Dies sind einige der häufigsten Ursachen für Datenschutzverletzungen:
1. Schwache und gestohlene Anmeldeinformationen
Schwache und gestohlene Zugangsdaten, insbesondere Passwörter, sind eine wichtige Ursache für Datenschutzverletzungen. Laut dem DBIR 2017 sind 80 Prozent der Datenschutzverletzungen auf Hackerangriffe und die Verwendung gestohlener Passwörter zurückzuführen. Die Verwendung starker und komplexer Passwörter ist besonders wichtig, und Unternehmen müssen ihre Mitarbeiter entsprechend schulen. Die Wiederverwendung von Passwörtern über verschiedene Websites hinweg bleibt jedoch weiterhin ein Problem und muss ebenfalls untersucht werden. Unternehmen sollten versuchen, eine Zwei-Faktor-Authentifizierung zu implementieren, um Angreifern den Zugriff zu erschweren.
2. Phishing
Phishing bleibt weltweit ein ernstes Problem für Unternehmen. Rund 43 Prozent aller globalen Datenpannen gehen auf Phishing zurück. Diese Masche zielt darauf ab, ahnungslose Nutzer zum Anklicken schädlicher, getarnter Links zu verleiten. Dadurch werden Daten heruntergeladen, die das System gefährden können. Neben technischen Schulungen müssen Unternehmen ihre Mitarbeiter schulen, stets wachsam zu sein und verdächtige Links zu erkennen, bevor sie darauf klicken.

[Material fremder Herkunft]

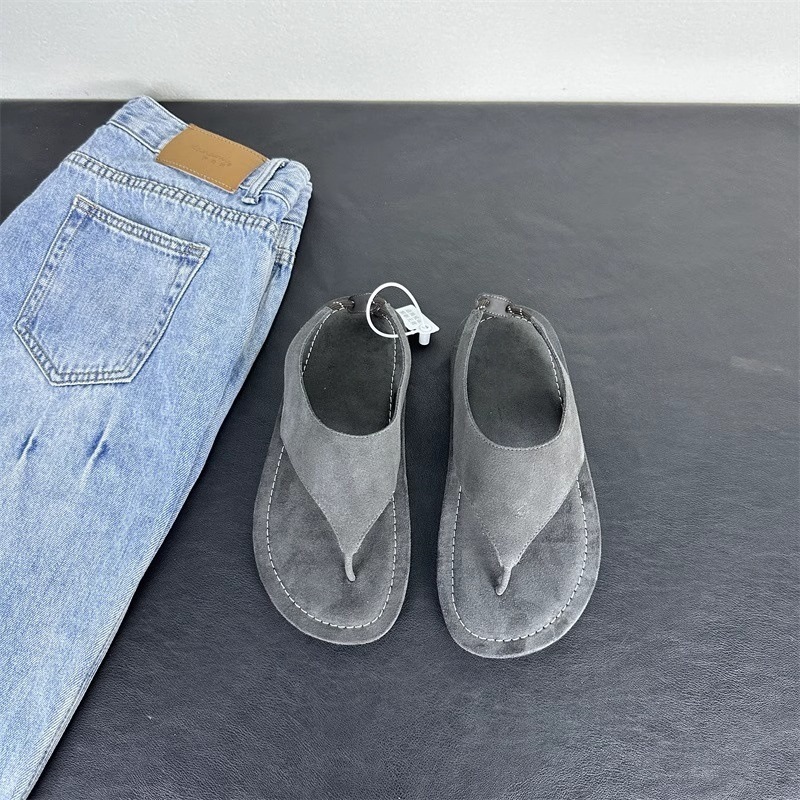 Sandali infradito minimalisti  - Summer Clothing Korea recensione e prezzo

3. Vortäuschen und Social Engineering
Oft sind es Angebote, die zu gut erscheinen, um wahr zu sein, die zu schwerwiegenden Sicherheitsverletzungen führen. Diese Taktik nutzt die Leichtgläubigkeit von Einzelpersonen aus und verspricht ihnen eine Belohnung oder einen unerwarteten Gewinn für den Datenaustausch. Ahnungslose Personen geben die Daten oft preis und setzen sich und Unternehmen einem Risiko aus. Wie Phishing ist dies ein Problem, dem Unternehmen oft durch entsprechende Schulungen ihrer Mitarbeiter begegnen können.
4. Insider-Bedrohungen
Manchmal kommt die größte Bedrohung für die Datensicherheit eines Unternehmens von innen. Laut dem Verizon Data Breach-Untersuchungsbericht von 2017 waren 25 % der Datenpannen auf interne Angriffe zurückzuführen. Solche Verstöße können Spionage beinhalten und sind eine Form menschlichen Versagens. Die gute Nachricht ist jedoch, dass sie vermeidbar sind. Unternehmen müssen in dieser Hinsicht proaktiv handeln und über strenge Richtlinien und Prozesse für wichtige Daten verfügen, um diesen Bedrohungen zu begegnen.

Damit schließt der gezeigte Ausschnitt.